- **DATA**

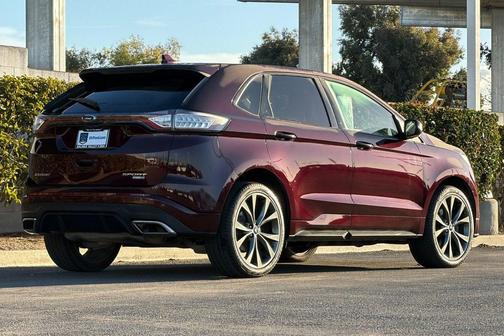 Burgundy 2018 Ford Edge Sport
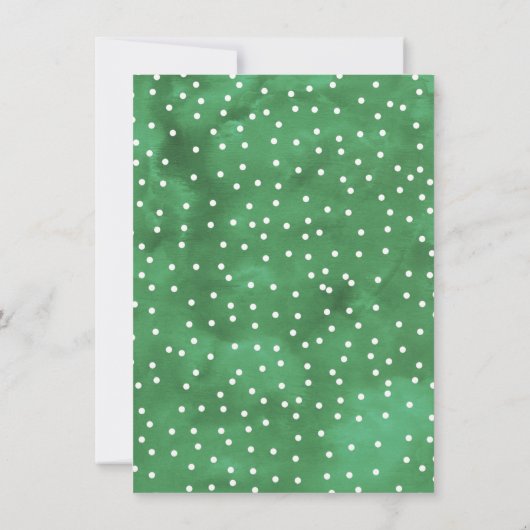 タコバウトAベビーサボテンベビーシャワー招待状 招待状 (裏面)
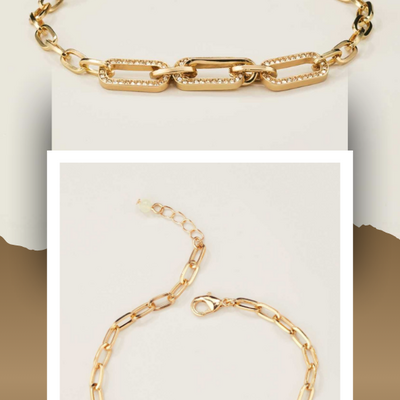 Sleek links chain bracelet - final sale - Thumbnail 2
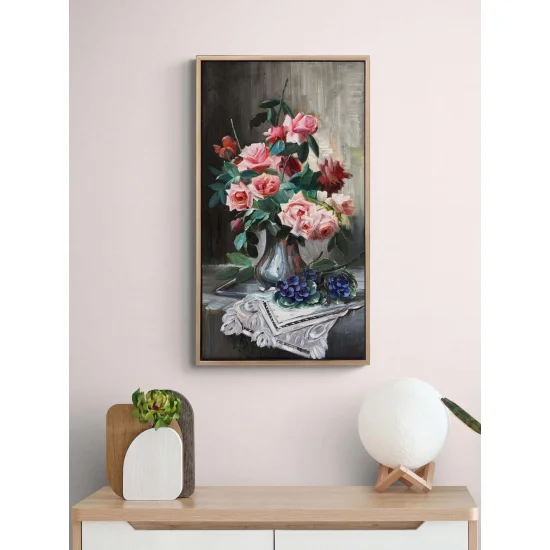 Roses Forgotten by Time Oil Painting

- **AIM OF THE EXERCISE**
Please transcribe exactly the lines from the one containing "タコバウトAベビーサボテンベビーシャワー招待状 招待状 (裏面)" through the final line of the data, including both, and nothing else. Pictures are to be left out.

- **RESPONSE TO THE TASK**
 タコバウトAベビーサボテンベビーシャワー招待状 招待状 (裏面)
 Sleek links chain bracelet - final sale - Thumbnail 2
 Roses Forgotten by Time Oil Painting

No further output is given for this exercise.